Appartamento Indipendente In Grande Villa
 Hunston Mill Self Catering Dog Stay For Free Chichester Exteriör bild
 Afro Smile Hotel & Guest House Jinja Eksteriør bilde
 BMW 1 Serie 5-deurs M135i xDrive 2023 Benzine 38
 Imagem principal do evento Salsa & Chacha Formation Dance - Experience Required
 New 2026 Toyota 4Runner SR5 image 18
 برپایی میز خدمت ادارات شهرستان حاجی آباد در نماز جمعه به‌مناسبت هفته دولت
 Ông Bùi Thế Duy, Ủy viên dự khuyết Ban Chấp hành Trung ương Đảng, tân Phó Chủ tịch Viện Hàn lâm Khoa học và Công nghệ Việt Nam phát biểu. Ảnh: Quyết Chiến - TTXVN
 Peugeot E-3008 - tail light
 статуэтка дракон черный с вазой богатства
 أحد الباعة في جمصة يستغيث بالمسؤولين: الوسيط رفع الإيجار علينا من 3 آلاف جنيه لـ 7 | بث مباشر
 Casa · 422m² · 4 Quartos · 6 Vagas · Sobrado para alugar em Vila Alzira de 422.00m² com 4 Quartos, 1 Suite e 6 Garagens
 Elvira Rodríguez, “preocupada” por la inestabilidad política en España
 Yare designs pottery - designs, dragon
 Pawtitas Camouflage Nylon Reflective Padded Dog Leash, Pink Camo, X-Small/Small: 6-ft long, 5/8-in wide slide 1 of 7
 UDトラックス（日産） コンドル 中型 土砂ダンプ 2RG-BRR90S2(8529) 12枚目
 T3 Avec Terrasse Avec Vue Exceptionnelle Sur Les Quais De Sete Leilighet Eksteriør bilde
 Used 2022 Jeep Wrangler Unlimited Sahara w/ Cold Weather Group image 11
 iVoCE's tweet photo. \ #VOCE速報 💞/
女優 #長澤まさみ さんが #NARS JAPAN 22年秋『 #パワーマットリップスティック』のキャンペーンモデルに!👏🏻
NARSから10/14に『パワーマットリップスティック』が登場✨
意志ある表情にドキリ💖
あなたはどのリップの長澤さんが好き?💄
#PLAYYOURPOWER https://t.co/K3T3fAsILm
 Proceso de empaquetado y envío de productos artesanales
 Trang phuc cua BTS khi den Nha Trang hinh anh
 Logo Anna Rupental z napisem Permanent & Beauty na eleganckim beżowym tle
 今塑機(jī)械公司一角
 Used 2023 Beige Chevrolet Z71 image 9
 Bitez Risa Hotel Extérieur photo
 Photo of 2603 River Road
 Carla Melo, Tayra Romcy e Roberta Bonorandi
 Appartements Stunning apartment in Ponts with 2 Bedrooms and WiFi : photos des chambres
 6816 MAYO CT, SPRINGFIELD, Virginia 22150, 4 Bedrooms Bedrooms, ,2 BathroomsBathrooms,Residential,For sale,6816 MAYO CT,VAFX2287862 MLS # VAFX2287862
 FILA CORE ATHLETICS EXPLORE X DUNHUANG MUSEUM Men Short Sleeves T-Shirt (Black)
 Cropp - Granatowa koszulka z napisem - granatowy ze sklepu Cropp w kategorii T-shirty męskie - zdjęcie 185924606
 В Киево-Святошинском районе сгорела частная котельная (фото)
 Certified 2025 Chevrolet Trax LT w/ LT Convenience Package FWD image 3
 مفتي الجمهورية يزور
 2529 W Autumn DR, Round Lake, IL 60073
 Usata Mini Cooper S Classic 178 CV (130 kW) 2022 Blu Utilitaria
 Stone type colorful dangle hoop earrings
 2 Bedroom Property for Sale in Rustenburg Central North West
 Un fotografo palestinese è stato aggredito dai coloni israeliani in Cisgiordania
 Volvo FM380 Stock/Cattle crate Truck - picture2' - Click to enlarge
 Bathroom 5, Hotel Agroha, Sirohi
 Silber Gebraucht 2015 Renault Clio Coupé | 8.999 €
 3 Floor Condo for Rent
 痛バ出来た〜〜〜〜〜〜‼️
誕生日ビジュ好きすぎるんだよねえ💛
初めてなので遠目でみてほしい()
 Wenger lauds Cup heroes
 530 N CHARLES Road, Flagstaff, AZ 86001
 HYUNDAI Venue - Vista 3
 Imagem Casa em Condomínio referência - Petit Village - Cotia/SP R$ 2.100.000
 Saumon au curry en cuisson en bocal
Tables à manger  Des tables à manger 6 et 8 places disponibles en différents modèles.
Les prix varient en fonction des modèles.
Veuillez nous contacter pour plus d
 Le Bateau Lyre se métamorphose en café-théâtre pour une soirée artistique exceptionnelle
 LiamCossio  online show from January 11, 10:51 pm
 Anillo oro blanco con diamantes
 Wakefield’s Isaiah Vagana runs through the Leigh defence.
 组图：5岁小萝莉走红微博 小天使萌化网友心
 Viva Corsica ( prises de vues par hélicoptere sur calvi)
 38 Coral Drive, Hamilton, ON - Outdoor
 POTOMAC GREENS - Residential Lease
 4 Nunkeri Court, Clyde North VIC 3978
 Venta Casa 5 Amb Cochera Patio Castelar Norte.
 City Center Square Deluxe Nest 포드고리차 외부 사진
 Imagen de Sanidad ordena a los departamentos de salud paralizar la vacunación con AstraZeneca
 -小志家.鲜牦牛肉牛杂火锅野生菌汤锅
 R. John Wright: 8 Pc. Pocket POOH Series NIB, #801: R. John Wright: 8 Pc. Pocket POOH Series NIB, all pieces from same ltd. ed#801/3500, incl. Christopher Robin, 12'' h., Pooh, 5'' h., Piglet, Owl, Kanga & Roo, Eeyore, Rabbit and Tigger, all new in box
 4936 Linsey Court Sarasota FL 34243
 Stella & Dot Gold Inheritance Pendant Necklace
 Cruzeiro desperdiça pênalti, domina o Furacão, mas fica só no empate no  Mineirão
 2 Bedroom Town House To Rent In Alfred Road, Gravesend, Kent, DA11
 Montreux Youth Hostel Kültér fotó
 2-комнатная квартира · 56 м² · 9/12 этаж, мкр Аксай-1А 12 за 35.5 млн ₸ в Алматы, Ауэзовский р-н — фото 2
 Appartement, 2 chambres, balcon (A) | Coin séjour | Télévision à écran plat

-*-*-

# EXERCISE PROMPT
Of all the entries above, retype exactly the lines from the line with "HYUNDAI Venue - Vista 3" to the line with "City Center Square Deluxe Nest 포드고리차 외부 사진", both included, and no others.

# ANSWER FOR THIS EXERCISE
 HYUNDAI Venue - Vista 3
 Imagem Casa em Condomínio referência - Petit Village - Cotia/SP R$ 2.100.000
 Saumon au curry en cuisson en bocal
Tables à manger  Des tables à manger 6 et 8 places disponibles en différents modèles.
Les prix varient en fonction des modèles.
Veuillez nous contacter pour plus d
 Le Bateau Lyre se métamorphose en café-théâtre pour une soirée artistique exceptionnelle
 LiamCossio  online show from January 11, 10:51 pm
 Anillo oro blanco con diamantes
 Wakefield’s Isaiah Vagana runs through the Leigh defence.
 组图：5岁小萝莉走红微博 小天使萌化网友心
 Viva Corsica ( prises de vues par hélicoptere sur calvi)
 38 Coral Drive, Hamilton, ON - Outdoor
 POTOMAC GREENS - Residential Lease
 4 Nunkeri Court, Clyde North VIC 3978
 Venta Casa 5 Amb Cochera Patio Castelar Norte.
 City Center Square Deluxe Nest 포드고리차 외부 사진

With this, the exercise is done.